Raul Losantos is studying for his Masters in engineering.

“If I have to work at something for which I haven’t studied, it will be to the detriment of my training.
In my career, for example, they ask for work experience in many jobs. If you have no work experience in your field why not do a job that gives you that ability, you’re missing out on the opportunity to work one day in your chosen field. It’s better to go abroad and work in the field that you studied, continue being educated and build a your resumé and experience, rather than stay here just to earn a living.”

Alexandra Gomez is studying law:

“If I had to choose, unless they offered me work outside Spain on a permanent contract and I knew for for certain I was going to stay, which is very difficult right now, I would prefer to stay here to raise money to continue my education. Because education is very expensive and maybe having more education would lead to a fixed contract outside of Spain.”

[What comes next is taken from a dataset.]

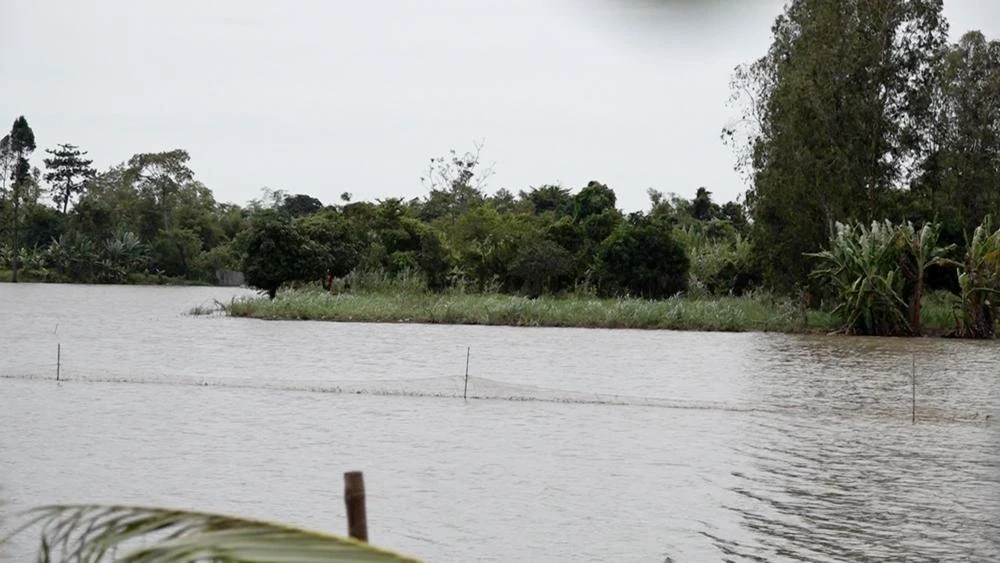 Tụ điểm đá gà được tổ chức ở khu đất trống giữa cánh đồng nước mênh mông khó tiếp cận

But there are claims that even moving abroad is not the paradise some imagine.

“I met a Belgian when on the Erasmus programme who studied engineering,” says Raul Losantos. “He told me that the Spanish engineers were considered… well… ugly words… they were like outcasts because they were willing to work for half the wages or a quarter of a Belgian engineer. So you go abroad with better conditions than here… but not wonderful either”.

The people of the so-called “most educated generation” of Spaniards are on the road to repeating the story of their grandparents, who emigrated massively in the 60s and 70s. In the the first half of 2015 the country reached a record level of emigration – more than 50,000.